Like many college students, I didn’t understand how vital internships are until late in my academic career.
I had that natural student mindset, “everything would be okay” and, “I’ll land a job somehow after graduation.” If I hadn’t attended a professional development workshop supported by my fraternity’s alumni association, I would have learned the hard way I’m not entitled to anything.
I was on the phone with my mother when I received an e-mail announcing a career workshop being arranged via my fraternity. I asked her, “Should I go to this?” She laughed and simply responded, “Why wouldn’t you go? What’s more important than your future?”
So, I went. Lo and behold, it changed my life. Thank you, Mom.
Ways Unpaid Internships Pay
The career seminar entailed one eye-opening lesson after another. Everything I learned immediately caused me to say to myself, “Jeez, I wish I knew that when I was a Freshman.”
While the workshop taught me a number of things related to personal and professional development, the one thing that stuck out for me was the noticeable fact how unprepared I was for life after graduation. I was lacking a critical variable: experience.
I had prior workplace experience, but none of it was relevant to any of the industries I was curious about getting involved in. I knew I had to make-up for lost time so I went wild my last semester of college and got three separate internships.
One was in radio, the other in marketing, and ironically, the third was with CAREEREALISM. I was worried though, because none of them were paid internships. I was in college and didn’t have much money.
Wow, was I wrong. The internships may not have contributed to my life in a monetary way, but they sure paid-off in other ways. The following explains how a single internship experience compares financially against the benefits of a full-time position at a business.

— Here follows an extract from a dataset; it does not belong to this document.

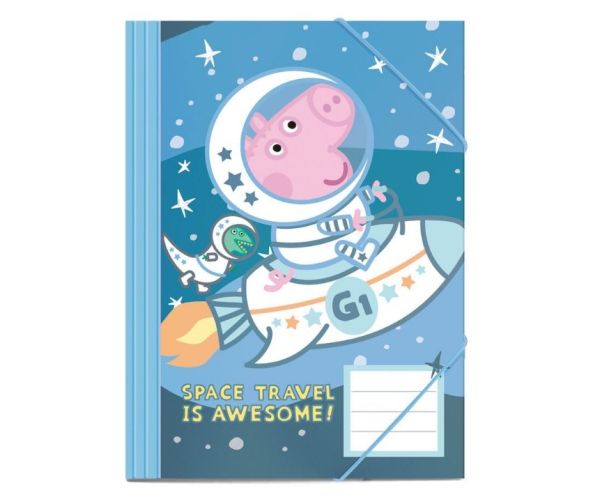 Peppa Pig în spațiu mapă cu elastic 25x35cm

1. Paycheck = Exposure to Acceptable Workplace Conduct
In a full-time job, you’re compensated for the work you do by virtue of money. In an unpaid internship, your compensation is witnessing the realities of the workplace environment first-hand. For many of us, proper etiquette in an office setting comes natural. For others, it doesn’t. By working in an office, you’ll be exposed to some or all of the following:
- Appropriate dress code
- Co-worker team work
- Acceptance of authority
- Humility or understanding your role
- Development of office-phone behavior
2. Benefit Packages = Permanent Branding Opportunities
Owning a good benefits package is extremely comforting for any employee. It’s something you know will remain static as long as you stay employed, and you can rely on it when necessary.
Obviously, no intern is going to be offered medical or life insurance. So, what sort of comparison can we make? Well, what about references? Any person you establish a positive relationship with during an internship, can be used as a reference for further employment opportunities. Having those connections is the same as owning professional benefits, they’ll always be there when you need them.

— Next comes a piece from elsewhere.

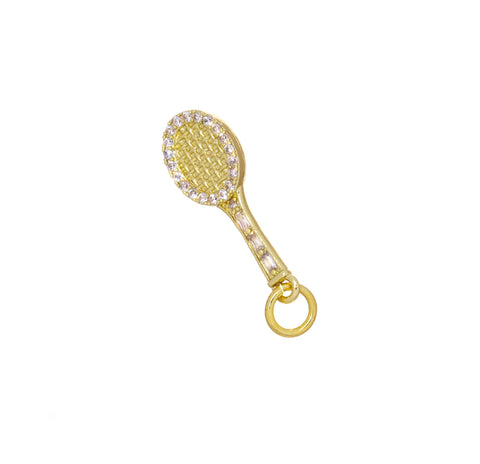 Gold Or Silver Tennis Racket Charms,Sporting Charms For Jewelry Making,Gift For Tennis Player And Lovers,CZ Tennis Racquets,CPG-CPS1648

And, let’s not forget the benefit of having something to actually put on your resume. These internships showcased me as a young professional, not as a hourly part-timer. All three of them supported my efforts to properly brand myself. The benefit of looking good on paper (and on-line) made me more confident and secure in my abilities to succeed.

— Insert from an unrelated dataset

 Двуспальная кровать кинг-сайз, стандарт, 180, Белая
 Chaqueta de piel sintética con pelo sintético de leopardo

3. Job Perks = Industry Comparison
It must be nice to have a company car and parking space close to the building. Or, to be able to write off your car mileage. What about putting things on the company card? That’s probably cool, too. I’ve never experienced such utilities but I bet it emits a feeling of ease. Well, the same can be said for an internship.
One profit of an internship is the fact there is no long-term commitment. Participating in an internship offers the convenience of tolerating a number of career industries before getting stuck in one. Wouldn’t you agree that supports a feeling of ease?
Actually, you know what would be best? If we engaged in internships prior to declaring a college major so we could pick a major affiliated with our industrial interests. Darn, I wish someone told me that in high school.